# Deep learning for NLP

Deep learning (DL) a is a vital tool for the applications related to Natural Language Processing (NLP), Computer Vision and many other related fields. DL has a very long history. But the real capability of the DL is shown with the recent advancement in computation capability with the help of advance graphical processor units (GPUs) and a vast scale availability of the training data. The research in this area took a new direction arguably due to a significant breakthrough in the image classification task. Nowadays most of the state-of-the-art solutions of various NLP and computer vision related problems are based on deep learning methods. 

A reasonably good amount of the tutorials for the deep learning are available online.
A __[GitHub repository for deep learning](https://github.com/ChristosChristofidis/awesome-deep-learning)__ lists an exhaustive list of tutorials, online courses, dataset, etc. Please refer this for the introductory model of the convolutional neural network which is used in this notebook. More specifically these __[slides](http://cs231n.stanford.edu/slides/2018/cs231n_2018_lecture05.pdf)__ from the Standford CS231n course, can be referred to get a quick overall idea about the neural network and the convolutional neural networks (CNNs).


 *There are various applications of the DL in the area of natural language processing such as ''__[Sentence Classification](http://www.aclweb.org/anthology/D14-1181)__ using CNN and __[Character-level Convolutional Networks for Text
Classification](https://papers.nips.cc/paper/5782-character-level-convolutional-networks-for-text-classification.pdf)__, __['Named Entity Recognition'](http://www.aclweb.org/anthology/N16-1030)__ using neural networks, __[Natural Language Generation,
Paraphrasing and Summarization
of User Reviews with Recurrent
Neural Networks](http://www.meanotek.ru/files/TarasovDS%282%292015-Dialogue.pdf)__ using RNN (Recurrent Neural Network), __[Detecting Semantically Equivalent Questions](https://www.aclweb.org/anthology/K15-1013)__ using CNN etc.*


**In this notebook, I will first describe two recently published work on sentence classification using deep learning approach. And in the last phase of this notebook a sentence classification (positive or negative sentiments on __[IMDB dataset](https://www.kaggle.com/c/sentiment-analysis-on-imdb-movie-reviews#evaluation)__ dataset) using the neural network is described and for CNN based approach two links are given for further exploration. **


# Description of the two recently published work for Sentence Classification using CNN:


# 1. Sentence Classification using CNN (__[Yoon Kim 2014](http://www.aclweb.org/anthology/D14-1181)__)

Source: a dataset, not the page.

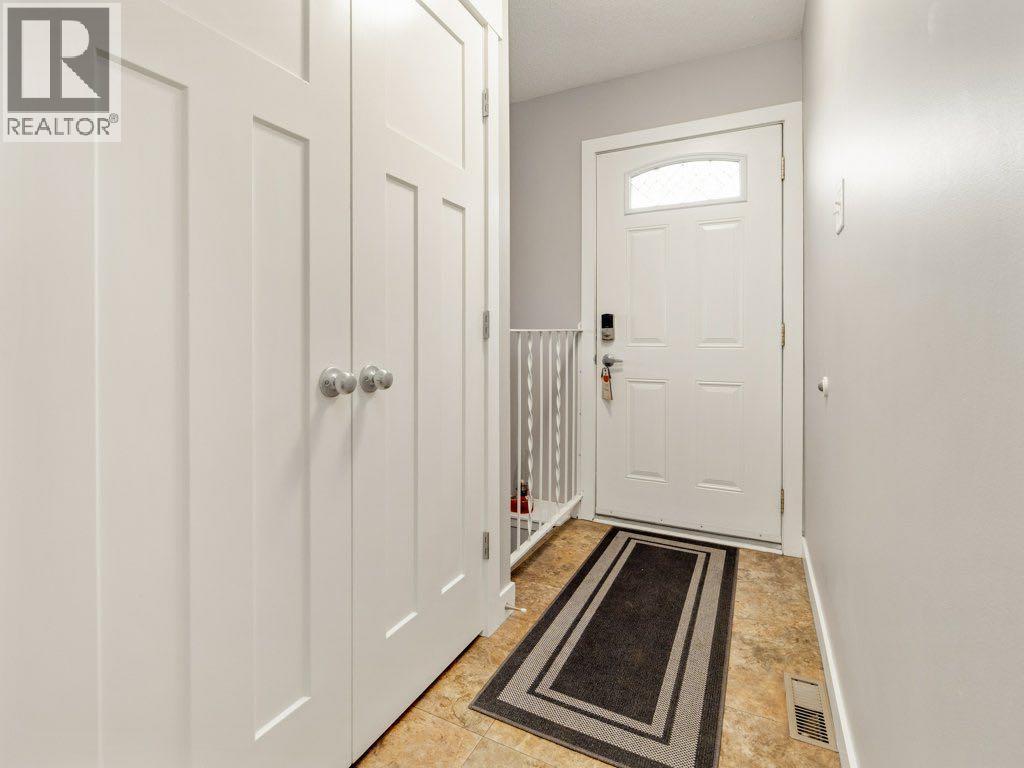 1646 St George Road N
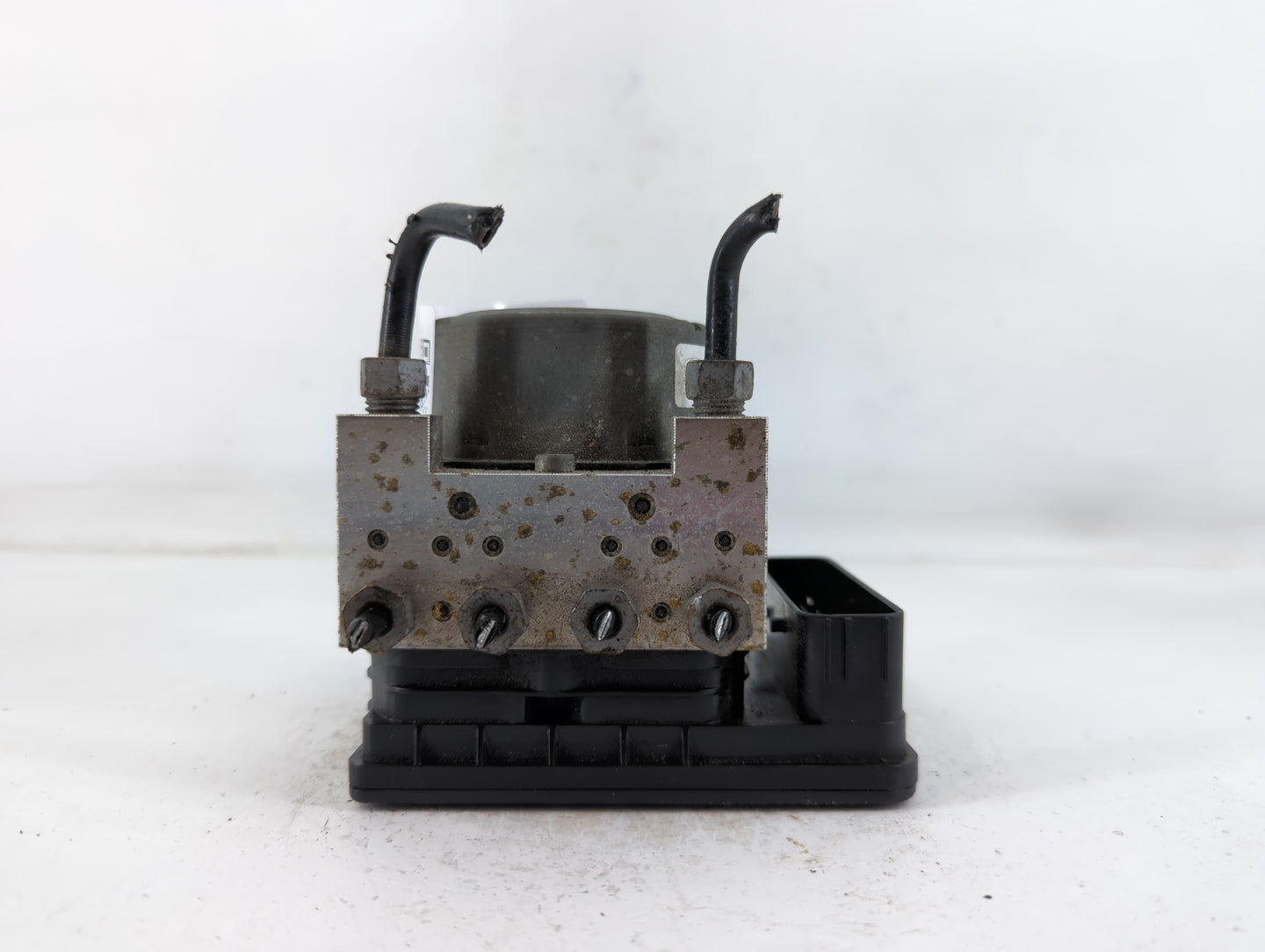 2019-2020 Ford Edge ABS Pump Control Module Replacement P/N:EG9C-2C405-AC Fits Fits 2019 2020 OEM Used Auto Parts - Oemuseda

 Before deep learning based methods, most of the methods proposed in the sentence classification literature, focus on designing best possible features to represent sentences for a particular task and finally choosing the best classifier to make the prediction. The work described by Yoon Kim uses Convolutional Neural Networks (CNN) for __[Sentence Classification](http://www.aclweb.org/anthology/D14-1181)__. 
CNN models were initially being invented for the tasks related to the field of computer vision. But now, CNN has shown good results in various NLP associated tasks such as sentence modeling, search query retrieval, semantic
parsing, etc. In this work, CNN is trained using pretrained word vectors for the sentence level classification task. Word Vectors as we know from our NLP class are lower dimensional vector representation which we obtain by training Continous Bag of Word (CBOW) and skip-gram models. Both the models have one hidden layer. These two neural network based models basically project the one-hot representation (V dimensional vector, where V is vocabulary size) of a particular word $w_i$ to a lower dimensional space (say $d$, so $w_i\in \mathbb{R}^d$). Such lower dimensional representation has the property that the word vectors of the two semantically closed words $w_i$, and $w_j$ have very high cosine similarity (or small Euclidean distance between them) in lower dimensional space $d$. To summarize, dimensions of the word vector encode the semantic features of the word.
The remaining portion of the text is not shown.